Nós dizemos que a religião é um meio (mediação) para nos relacionar com Deus. Mas nem sempre caímos na conta que a religião com seus rituais (templos, ritos, o sagrado, os sacerdotes, a normativa religiosa...) ocupam tanto espaço e alcançam tanta importância na experiência dos indivíduos e da sociedade que Deus acaba ficando deslocado da vida e desfigurado em sua imagem de Pai/Mãe de misericórdia. O que acontece, com muita frequência, é que a religião, seus ritos, suas hierarquias e suas normas, em lugar de fazer-nos aproximar de Deus e fazer-nos pessoas melhores, na realidade fazem é complicar nossa relação com Deus e, sobretudo, dificultam nossas relações sociais, religiosas ou simplesmente humanas. 

No Reino de Deus não se requer “templos” mas corpos vivos.

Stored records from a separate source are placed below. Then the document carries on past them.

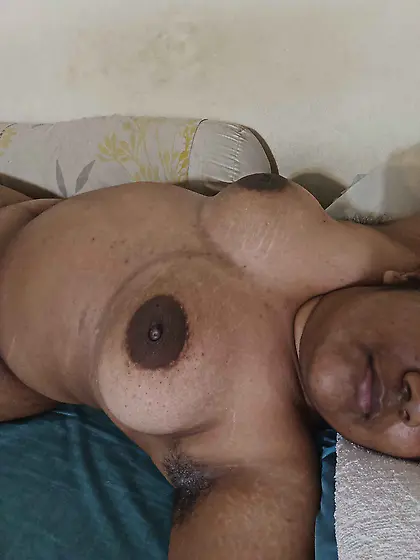 Exposing my fat girlfriend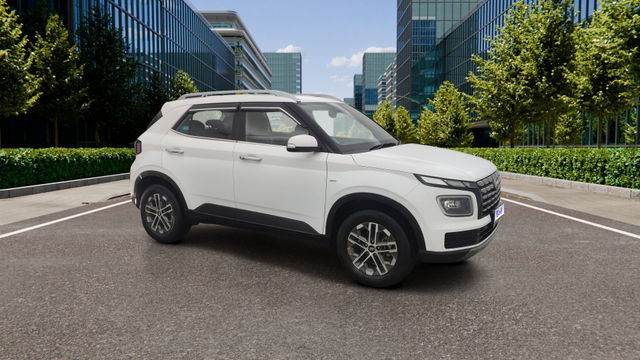 Second-hand 2024 Hyundai Venue एसएक्स Opt टर्बो DCT for sale in Pune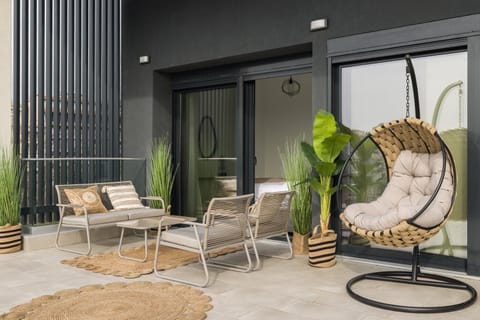 Patio, Day, Balcony/Terrace, sunbed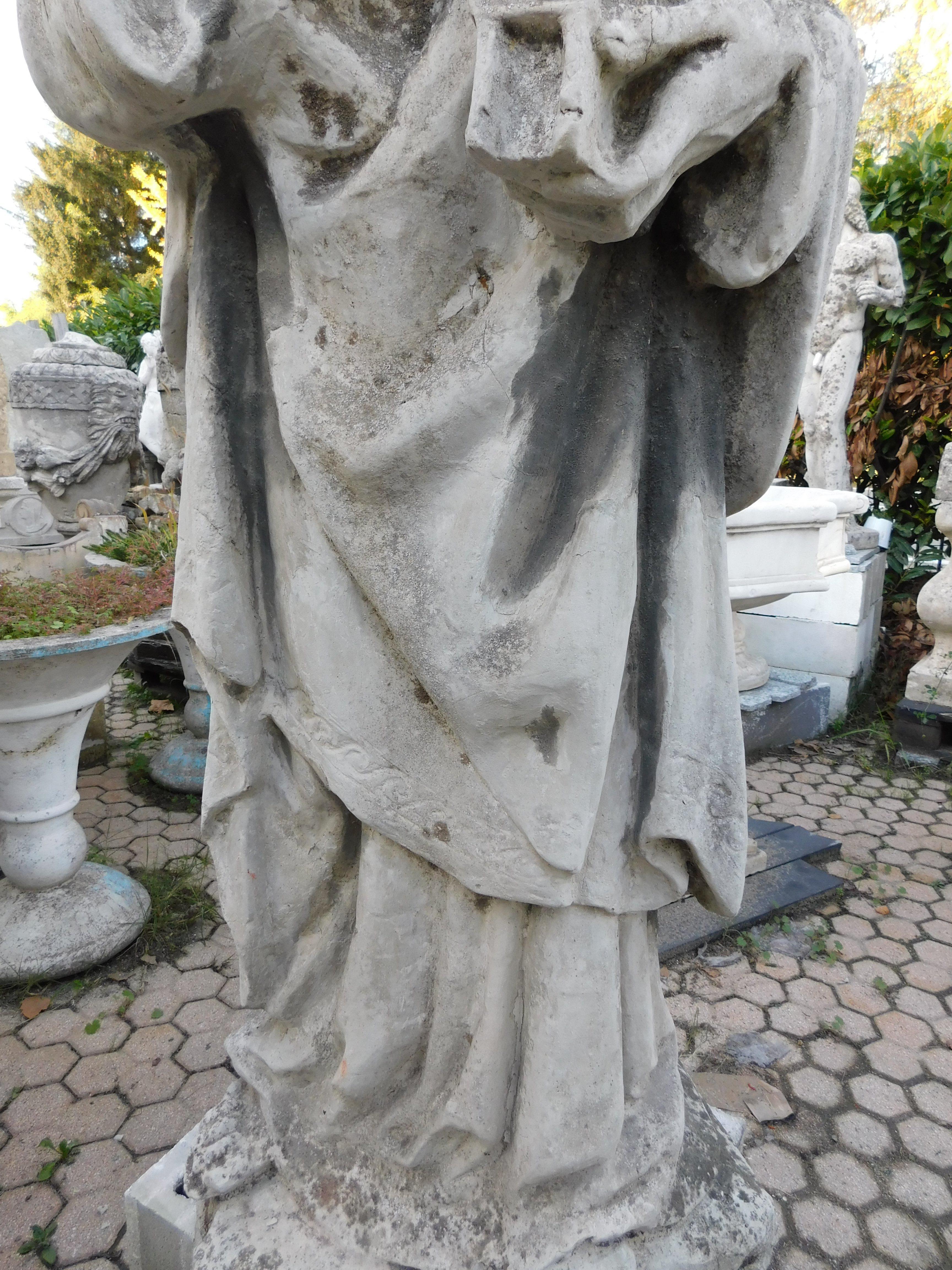 Pair of outdoor concrete garden statues, depicting Saint Peter and Saint Paul, I For Sale 4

Estes são os santuários de Deus, onde brilha Sua presença e Seu amor, onde as pessoas vivem dignamente. Jesus não veio para continuar a linha religiosa tradicional. Veio para propor uma humanidade restaurada a partir do princípio da centralidade da vida das pessoas que vivem com dignidade. Sobre esta base é possível sonhar e construir outra maneira de viver e outra maneira de ser. 

Neste Novo Templo, que é a vida dos(as) seguidores(as) de Jesus, não se faz discriminação alguma, nem se fomenta a desigualdade, a submissão e o medo. Não há espaços diferentes para homens e mulheres. Em Cristo já “ não há varão e mulher”. Não há raças eleitas nem povos excluídos. Os únicos preferidos são os necessitados de amor e de vida.

Necessitamos, sim, de igrejas e templos para celebrar e fazer memória de Jesus como Senhor, mas Ele é nosso verdadeiro Templo. Os templos físicos não podem ser fronteiras que dividem o sagrado do profano, mas espaços onde vivemos a sacralidade de toda a vida. 

Texto bíblico:  Jo. 2,13-25    

Na oração:  As portas do “novo Templo”, que é Jesus, estão abertas para todos; ninguém está excluído.
Podem entrar nele os pecadores, os impuros, os excluídos, os marginalizados da religião...
O Deus que habita em Jesus é de todos e para todos.
Somos também o “novo templo”, morada do Espírito, presença que alarga nosso interior para que todos possam ali ter acesso.
- Quem são os “frequentadores” do seu “templo interior”?